Todos los zapatos que compraba venían en bolsas de plástico. Eché otro vistazo al ave. Vi que tenía un párpado cerrado y el cuello caído hacia atrás. Mientras hablaba con el hombre por teléfono, había apretado con demasiado fuerza y ahora estaba muerta.

Llevé a la paloma hacia la orilla, envuelta en papel de periódico como si fuera pescado frito. Perro saltaba a mi alrededor con un brillo en los ojos que decía que tenía ganas de matar y traté de mantener un ambiente relajado, no como si intentara deshacerme de un ave domesticada que había matado por accidente. No era una playa bonita para un entierro en el mar. Una capa de algas marinas infestada de piojos de mar cubría las rocas. A nuestro alrededor, se erigían rocas negras, de modo que, si alguien olvidaba el camino de vuelta, corría el riesgo de sentirse atrapado. Era incomprensible que las familias inglesas llevaran allí a sus hijos. Justo después de mudarme, me topé con una pareja joven cubierta de barro hasta los muslos que caminaba por el camino de espinos blancos, perdidos en la oscuridad y con un bebé cada uno. La mujer tenía la cara cubierta de lágrimas y el hombre estaba aliviado de que los llevara en coche de regreso a su bed and breakfast.

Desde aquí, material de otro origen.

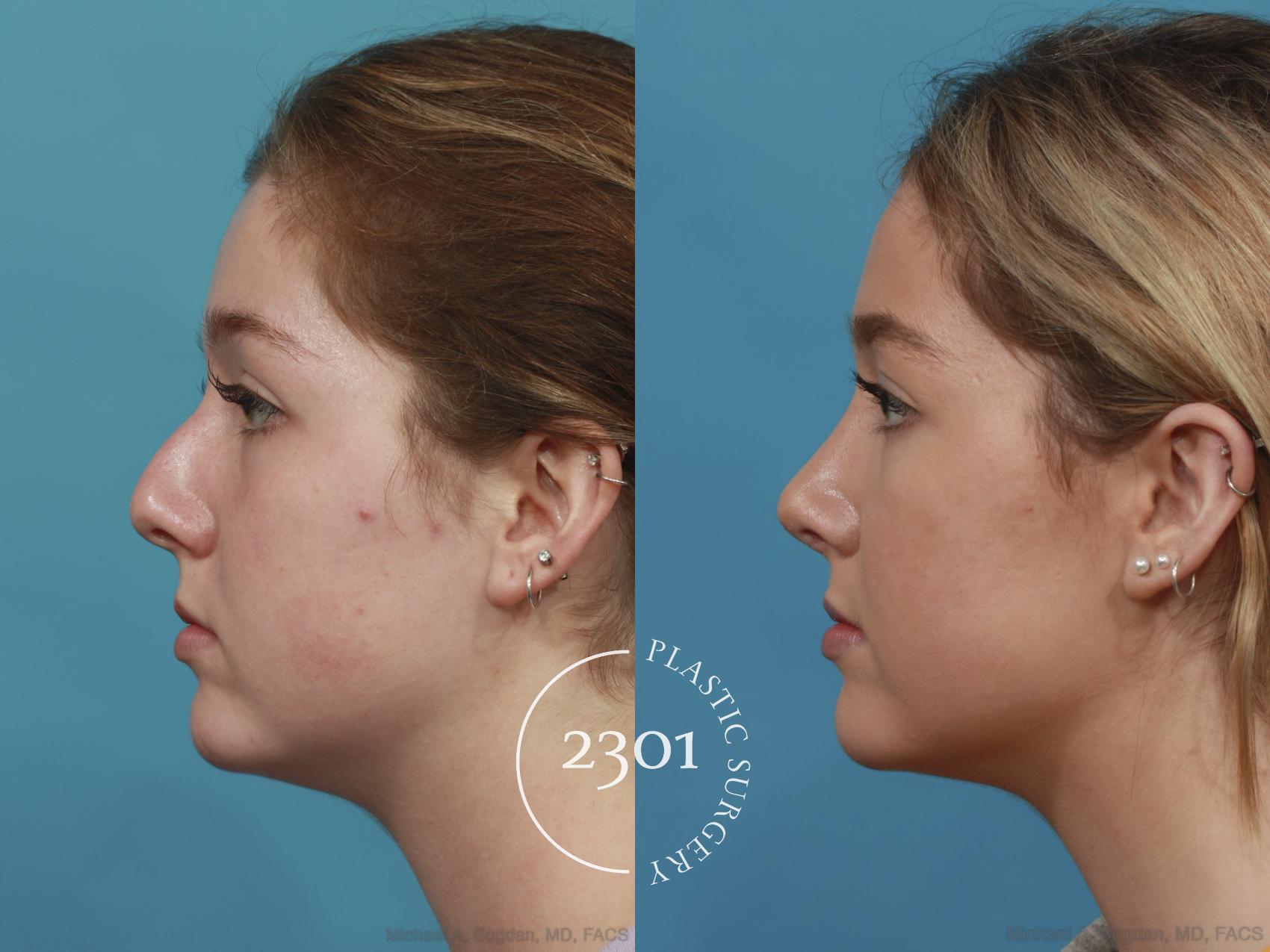 Before & After Rhinoplasty Case 625 Left Side View in Fort Worth, Plano, & Frisco, Texas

«No es un buen lugar para perderse», les dije durante el trayecto de vuelta. «Estabais a pocos kilómetros de un acantilado bastante escarpado». Lo cual era una verdad a medias.

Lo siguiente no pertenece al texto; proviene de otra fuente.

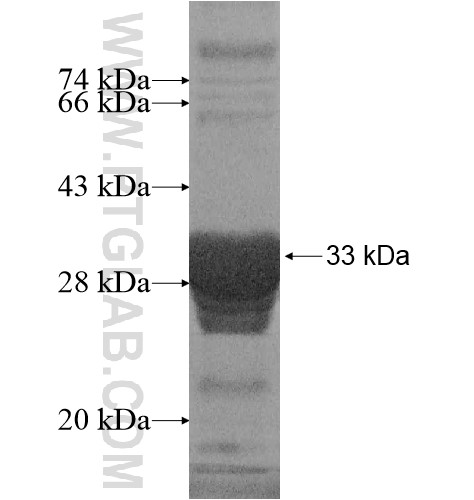 GLS2 fusion protein Ag14003 SDS-PAGE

Durante el primer verano en la isla, me preparaba la cena en la playa, bebía cerveza envuelta en una manta, escuchaba cómo las olas rompían en la arena y observaba las luces de los barcos que regresaban a Inglaterra mientras mis ojos se acostumbraban al mar negro y la luna se tambaleaba en el horizonte. Había decidido hacer lo mismo el verano siguiente, pero cada vez llovía más y, a veces, la playa olía de un modo extraño cuando llegaba el crepúsculo, como a goma quemada y forraje.

Perro se comió un cangrejo muerto. Oí crujir su caparazón al hacerse añicos. Comenzó a lloviznar y el agua lo cubrió de una película plateada. Terminó de comérselo, vio algo en las hierbas secas de la orilla y levantó las orejas. Ascendió por la pendiente, con las patas dobladas, y desapareció tras una duna, impulsándose con las patas posteriores. Mientras estaba distraído, di unos cuantos pasos en dirección al agua con las botas de goma puestas para evitar que persiguiera y destrozara el cuerpo sin vida de la paloma cuando la arrojase al agua. Resultó que estaban agujereadas. El agua helada me entraba por la suela, me rozaba los tobillos y me subía por los calcetines. Saqué la paloma del envoltorio y dejé que flotara en el mar. Intentó regresar un par de veces, pero, finalmente, tras varios intentos, se alejó más allá de las pequeñas olas que rompían en el mar, con el pecho blanco y seco, y el ala rota y torcida hacia arriba, alejándose hacia el horizonte. Luego se hundió, como si el mar la hubiera engullido. Tarareé la melodía de Titanic.